Re: [Python-Dev] XML codec?

8 Nov 2007

      On 11/8/07, Walter Dörwald <walter@livinglogic.de> wrote:
...
Martin v. Löwis wrote:
...
...
Then how about the suggested "xml-auto-detect"?
That is better.
OK.
...
...
...
Then, I'd claim that the problem that the codec solves doesn't really
exist. IOW, most XML parsers implement the auto-detection of encodings,
anyway, and this is where architecturally this functionality belongs.
But not all XML parsers support all encodings. The XML codec makes it
trivial to add this support to an existing parser.
I would like to question this claim. Can you give an example of a parser
that doesn't support a specific encoding
It seems that e.g. expat doesn't support UTF-32:
from xml.parsers import expat
p = expat.ParserCreate()
e = "utf-32"
s = (u"<?xml version='1.0' encoding=%r?><foo/>" % e).encode(e)
p.Parse(s, True)
This fails with:
Traceback (most recent call last):
   File "gurk.py", line 6, in <module>
     p.Parse(s, True)
xml.parsers.expat.ExpatError: not well-formed (invalid token): line 1,
column 1
Replace "utf-32" with "utf-16" and the problem goes away.
...
and where adding such a codec
solves that problem?
In particular, why would that parser know how to process Python Unicode
strings?
It doesn't have to. You can use an XML encoder to reencode the unicode
string into bytes (forcing an encoding that the parser knows):
import codecs
from xml.parsers import expat
ci = codecs.lookup("xml-auto-detect")
p = expat.ParserCreate()
e = "utf-32"
s = (u"<?xml version='1.0' encoding=%r?><foo/>" % e).encode(e)
s = ci.encode(ci.decode(s)[0], encoding="utf-8")[0]
p.Parse(s, True)
...
...
Furthermore encoding-detection might be part of the responsibility of
the XML parser, but this decoding phase is totally distinct from the
parsing phase, so why not put the decoding into a common library?
I would not object to that - just to expose it as a codec. Adding it
to the XML library is fine, IMO.
But it does make sense as a codec. The decoding phase of an XML parser
has to turn a byte stream into a unicode stream.

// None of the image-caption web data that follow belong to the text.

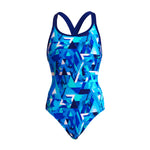 One Piece Eclipse Bashed Blauw voor dames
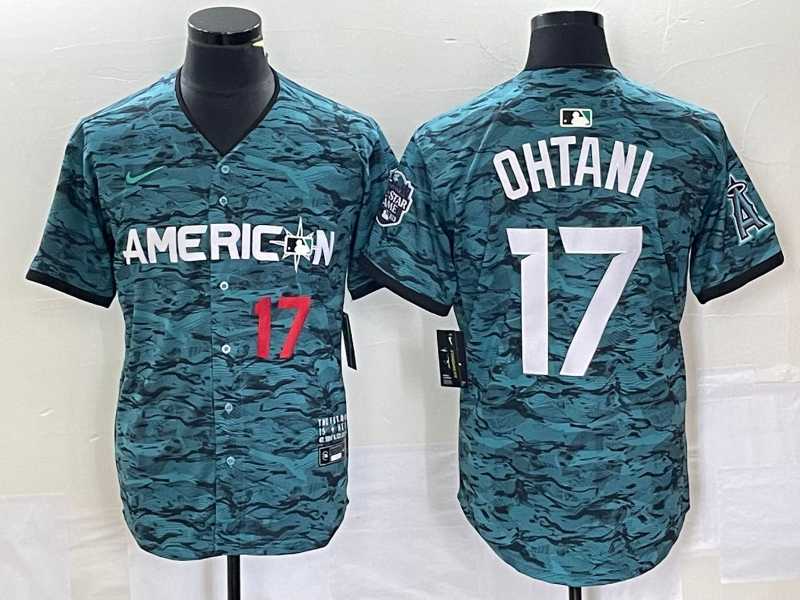 Men's Los Angeles Angels #17 Shohei Ohtani Number Teal 2023 All Star Cool Base Stitched Jersey1,We sell and wholesale Men's Los Angeles Angels #17 Shohei Ohtani Number Teal 2023 All Star Cool Base Stitched Jersey1 on line form chian!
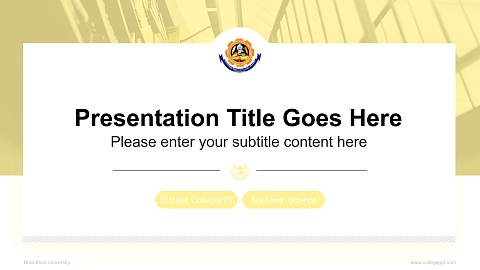 Bharathiar University National Scholarship Defense PPT Template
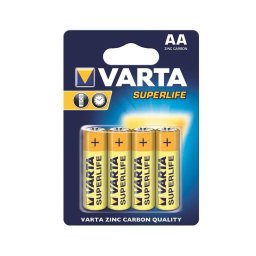 Baterie VARTA zinc carbon BAVA 2006, R6 (AA), 4 bucati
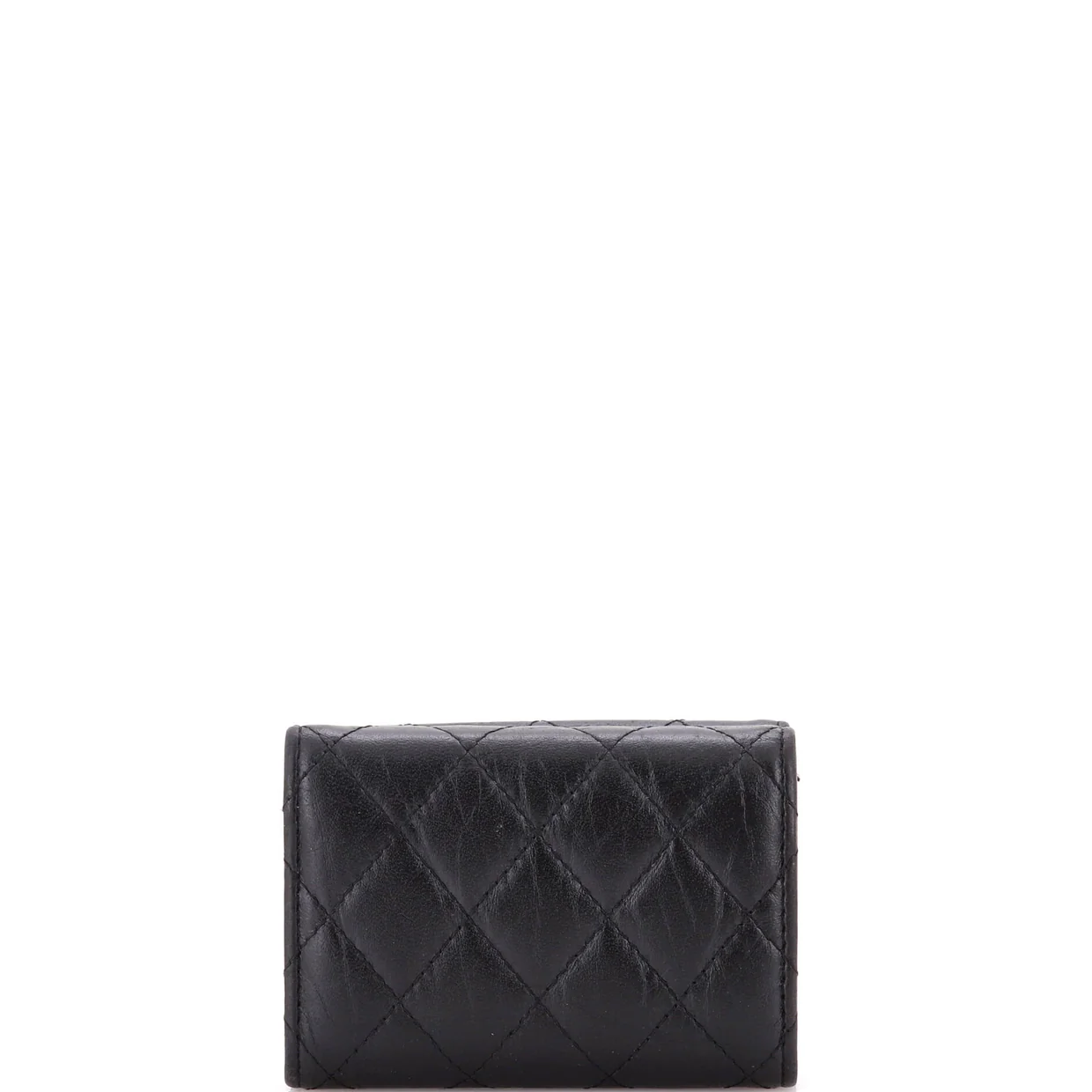 Reissue Compact Wallet Quilted Aged Calfskin - Deep Luxury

That's the job of a codec.
Yes, an XML parser should be able to use UTF-8, UTF-16, UTF-32, etc
codecs to do the encoding.  There's no need to create a magical
mystery codec to pick out which though.  It's not even sufficient for
XML:

1) round-tripping a file should be done in the original encoding.
Containing the auto-detected encoding within a codec doesn't let you
see what it picked.
2) the encoding may be specified externally from the file/stream[1].
The xml parser needs to handle these out-of-band encodings anyway.

[2] http://mail.python.org/pipermail/xml-sig/2004-October/010649.html

-- 
Adam Olsen, aka Rhamphoryncus